For any number of reasons, my wife Susan and I went to see Divergent last Friday. We were, by far, the oldest people in the theater. I was, about, the only male (except for a few fathers perhaps). Everybody else was a 12(+-2)-year-old girl.
If you have no idea what I am talking about, then you are not into Hollywood generated mass popular culture, or middle-brow cultures concerned with “gender” either. If “divergent” means to you something that it did not mean a few weeks ago then, as an intellectual adult (one of my readers, as I imagine them), I assume you also know that it is, among other things, the second (after The Hunger Games) of Hollywood responses to the accusation that there were no big budget, action adventure movies with girls as heroines. So, in the kind of brief synopsis that start this kind of commentary, Divergent is about a 16-year-old girl who violently restores a threatened order and then moves on into the wilderness—and 12-year-old girls know about that.

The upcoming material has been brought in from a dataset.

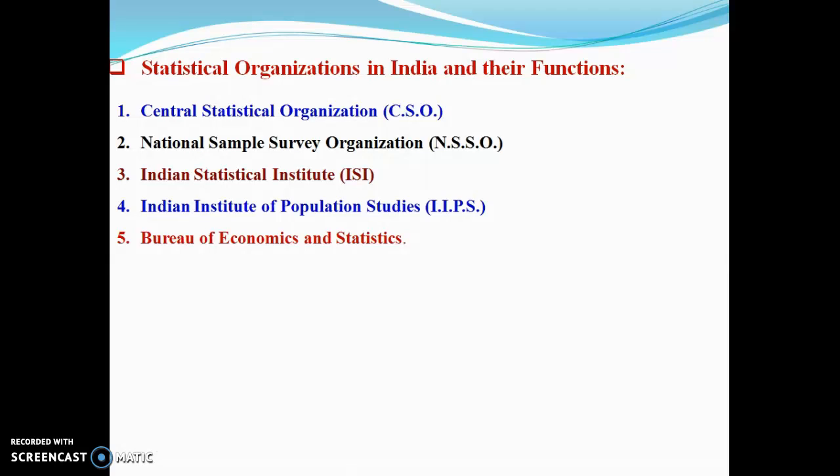The third and most important and famous organization is the Indian Statistical Institute, ISI. The Indian Statistical Institute at Kolkata was set up on 28 April 1932 by Prashant Chandra Mahalanobis. In the year 1959, the Indian Parliament passed an act and accordingly ISI is treated as an Indian Institute of National Importance.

But, of course, the movie is about much else and this is a response to Andrew O’Hehir who wrote about the movies as “capitalist agitprop” (March 22, 2014). His thesis:
To begin with, if we accept the maxim that all fictional works about the imagined future are really about the present, what do these works have to say? They contain no intelligible level of social critique or social satire, as “1984” or “The Matrix” do, since the worlds they depict bear no relationship to any real or proposed society. Where, in the contemporary West, do we encounter the overtly fascistic forces of lockstep conformity, social segregation and workplace regimentation seen in these stories? I’m not asking whether these things exist, or could exist, I’m asking where we encounter them as ideology, as positive models for living.
Later, O’Hehir writes “Divergent is basically a high school drama.”